1. 1. The in-situ curing electrolyte is characterized in that raw materials of the in-situ curing electrolyte comprise a polymerization monomer, an initiator, a redox shuttle agent and an electrolyte; The in-situ solidified electrolyte is prepared by constant-current charging-heating polymerization of the raw materials in a battery.
2. 2. The cured in place electrolyte of claim 1 wherein the polymeric monomer is selected from one or more of methyl methacrylate, methacrylic acid, acrylic acid, acrylonitrile, N-methylolacrylamide, pentaerythritol tetraacrylate, pentaerythritol triacrylate, ethylene carbonate, and vinylene carbonate.
3. 3. The cured in place electrolyte of claim 1 wherein the initiator is selected from one or more of azobisisobutyronitrile, azobisisoheptonitrile, hydrogen peroxide, t-butyl peroxide, dibenzoyl peroxide, ammonium persulfate, sodium persulfate, and potassium persulfate.
4. 4. The cured in place electrolyte of claim 1 wherein the redox shuttle is selected from one or more of 2, 6-tetramethylpiperidine oxide, 2, 5-di-tert-butyl-1, 4-dimethoxybenzene, 3, 5-di-tert-butyl-1, 2-dimethoxybenzene, 4-tert-butyl-1, 2-dimethoxybenzene, and ferrocene.
5. 5. The cured in place electrolyte of claim 1 wherein the electrolyte comprises a lithium salt, a solvent, and an additive.
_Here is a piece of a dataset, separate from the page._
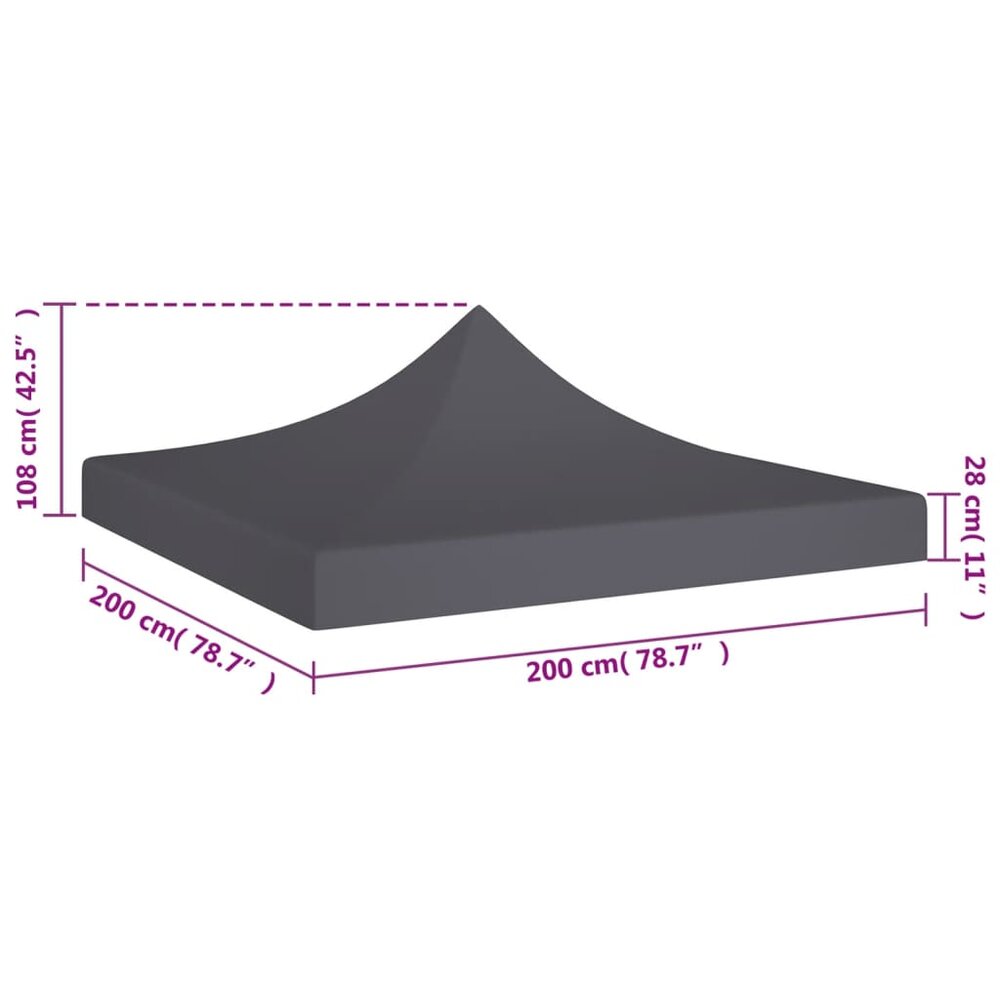 Partytentdak 270 g/m&sup2; 2x2 m antraciet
6. 6. The cured in place electrolyte of claim 5 wherein the electrolyte meets at least one of the following conditions (1) - (3): (1) The lithium salt is selected from one or more of lithium hexafluorophosphate, lithium difluorophosphate, lithium tetrafluorooxalate phosphate, lithium dioxaborate, lithium difluorooxalate borate, lithium tetrafluoroborate, lithium sulfate, lithium trifluoromethanesulfonate, lithium perfluorobutylsulfonate, lithium perfluorooctylsulfonate, lithium difluorosulfonimide, lithium bistrifluoromethanesulfonimide, lithium carbonate, lithium hexafluoroantimonate, lithium hexafluoroarsenate, lithium perchlorate and lithium tetrachloroaluminate; (2) The solvent comprises one or more of ethylene carbonate, propylene carbonate, dimethyl carbonate, diethyl carbonate, methyl ethyl carbonate, ethyl acetate, ethyl propionate, propyl acetate, ethyl butyrate, fluoroethylene carbonate, methyl trifluoroethyl carbonate, 1, 2-dimethoxyethane, dioxolane, tetrahydrofuran, ethylene oxide and propylene oxide; (3) The additive comprises one or more of ethylene carbonate, fluoroethylene carbonate, ethylene sulfite, methylene methane disulfonate, propenyl-1, 3-sultone, 1, 3-propane sultone, ethylene sulfate, tri (trimethylsilane) phosphate and ethylene glycol bis (propionitrile) ether.
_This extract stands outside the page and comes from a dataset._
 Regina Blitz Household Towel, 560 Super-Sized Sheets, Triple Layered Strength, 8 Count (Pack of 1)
7. 7. An in-situ solid state battery, characterized in that the in-situ solid state battery comprises the in-situ cured electrolyte according to any one of claims 1-6.
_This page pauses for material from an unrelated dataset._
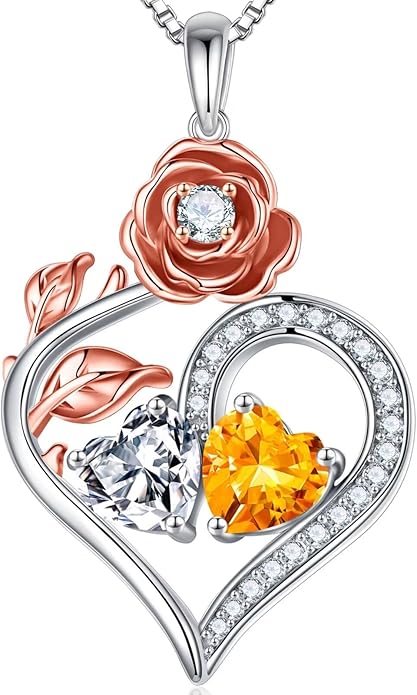 Iefil Rose Heart Birthstone Necklaces for Women - 925 Sterling Silver Double Birthstone Necklace, Anniversary Birthday Gifts for Women, Jewelry Gifts for Wife Her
8. 8. The in-situ solid state battery of claim 7, wherein the in-situ solid state battery satisfies at least one of the following conditions (4) - (13): (4) The in-situ solidification battery also comprises a positive pole piece, a negative pole piece and a diaphragm; (5) The positive electrode plate comprises a current collector and a positive electrode material layer coated on the surface of the positive electrode current collector; (6) The positive electrode material layer comprises a positive electrode active material, a conductive agent and a binder; (7) The negative electrode plate comprises a current collector and a negative electrode material layer coated on the surface of the negative electrode current collector; (8) The negative electrode material layer comprises a negative electrode active material, a conductive agent and a binder; (9) The positive electrode active material is selected from one or more of lithium iron phosphate, lithium nickel cobalt manganese oxide, lithium cobalt oxide, lithium manganese iron phosphate and lithium nickel cobalt aluminate; (10) The negative electrode active material is selected from one or more of graphite, metallic lithium alloy, silicon carbon material, tin-based material and silicon oxygen material; (11) The conductive agent is selected from one or more of conductive carbon black, conductive graphite, carbon fiber and carbon nano tube; (12) The adhesive is selected from one or more of styrene-butadiene rubber, nitrile rubber, polyvinylidene fluoride and polytetrafluoroethylene, or (13) The mass ratio of the positive electrode active material or the negative electrode active material, the conductive agent and the binder is 80-96:2-10:2-10.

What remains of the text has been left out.